• What you need to do: Beneath this sentence is a listing. Return its lines from the one containing "On the smaller" through the last, exactly, and omit the pictures.

• Data below:
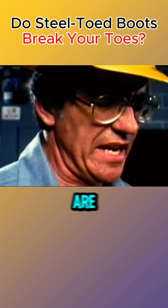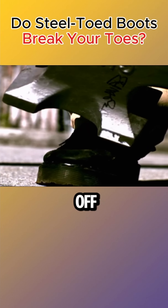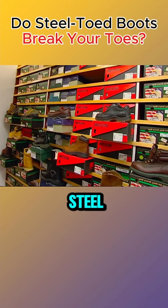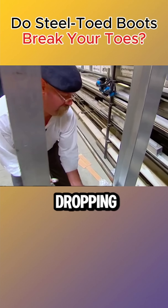It is said that steel toe boots are more dangerous than regular shoes because the steel plates can cut off toes when a heavy object falls on them. The Mythbusters team decided to test this claim. They bought steel toe boots of different sizes and developed a device capable of dropping heavy objects.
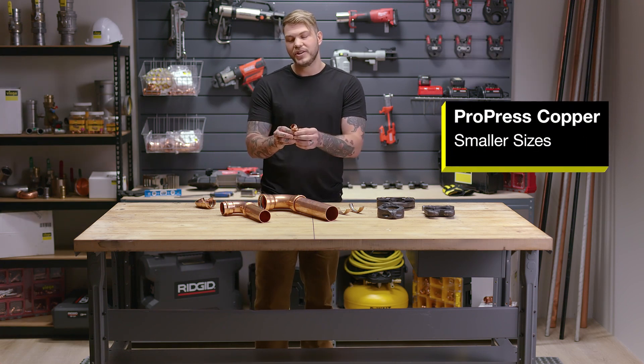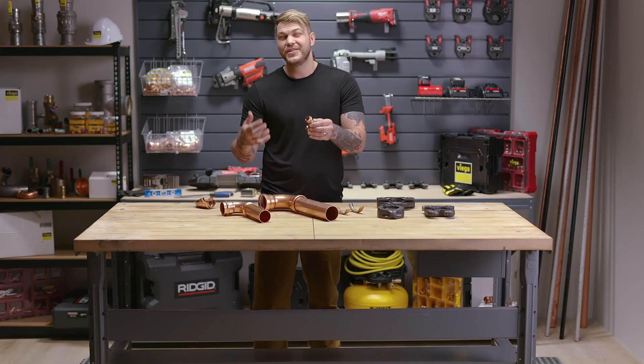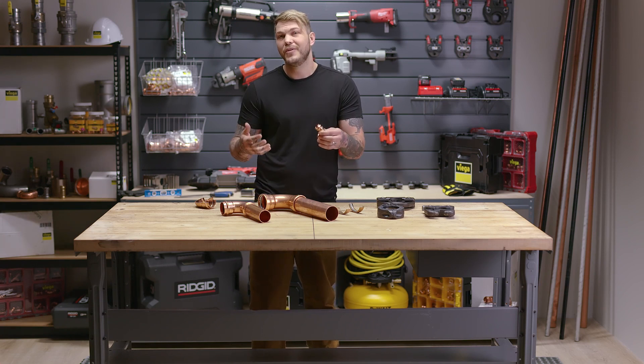On the smaller sizes, we're actually creating a hexagonal press into the fitting, which goes in the fitting and the tubing below. That gives us our mechanical strength and statically seals the sealing element, leading us to a 50-year warranty.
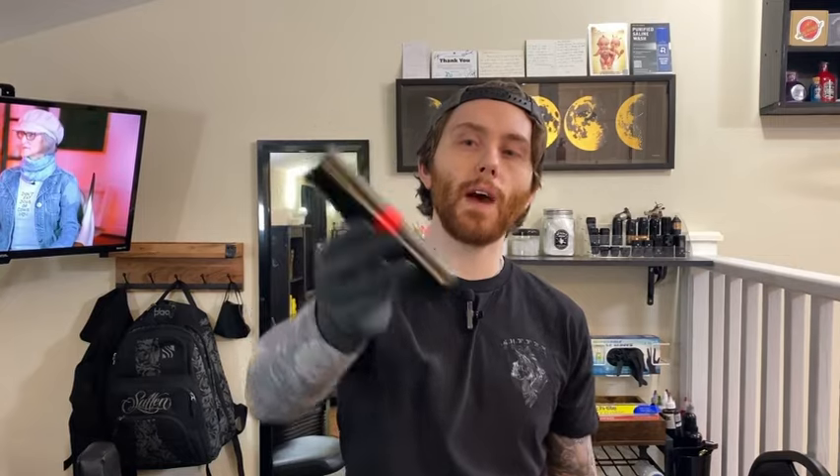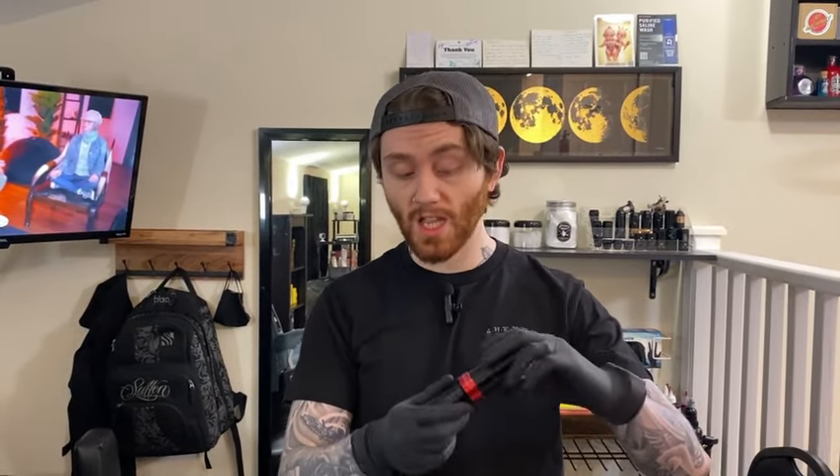I've had this machine for about a month. I've used it a lot for gray wash, because adjustable stroke machines are something I think should be utilized more for gray wash. If you're someone that's packing black, whip shading out, blending it out, there's a lot of options for you and I really do like this machine a lot.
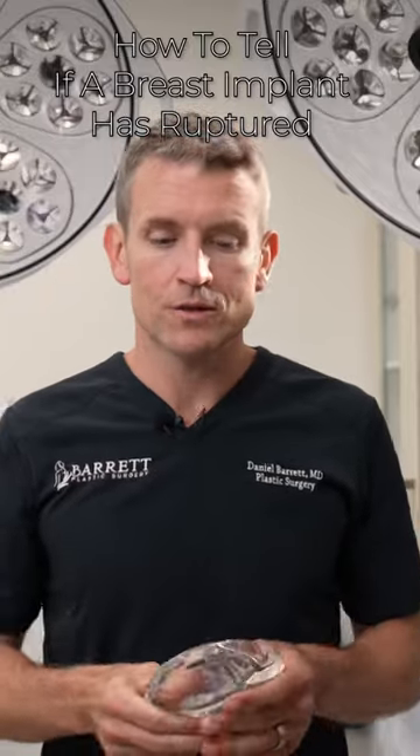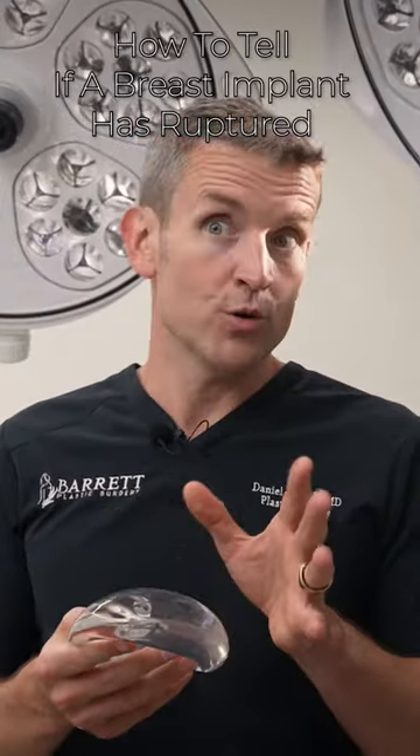How to tell if your implant is ruptured? Well, the newer implants are made of gummy bear silicone gel, meaning it's cohesive silicone gel. So if we were to cut this open, the gel doesn't pour out onto the floor.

• Task result:
On the smaller sizes, we're actually creating a hexagonal press into the fitting, which goes in the fitting and the tubing below. That gives us our mechanical strength and statically seals the sealing element, leading us to a 50-year warranty.
I've had this machine for about a month. I've used it a lot for gray wash, because adjustable stroke machines are something I think should be utilized more for gray wash. If you're someone that's packing black, whip shading out, blending it out, there's a lot of options for you and I really do like this machine a lot.
How to tell if your implant is ruptured? Well, the newer implants are made of gummy bear silicone gel, meaning it's cohesive silicone gel. So if we were to cut this open, the gel doesn't pour out onto the floor.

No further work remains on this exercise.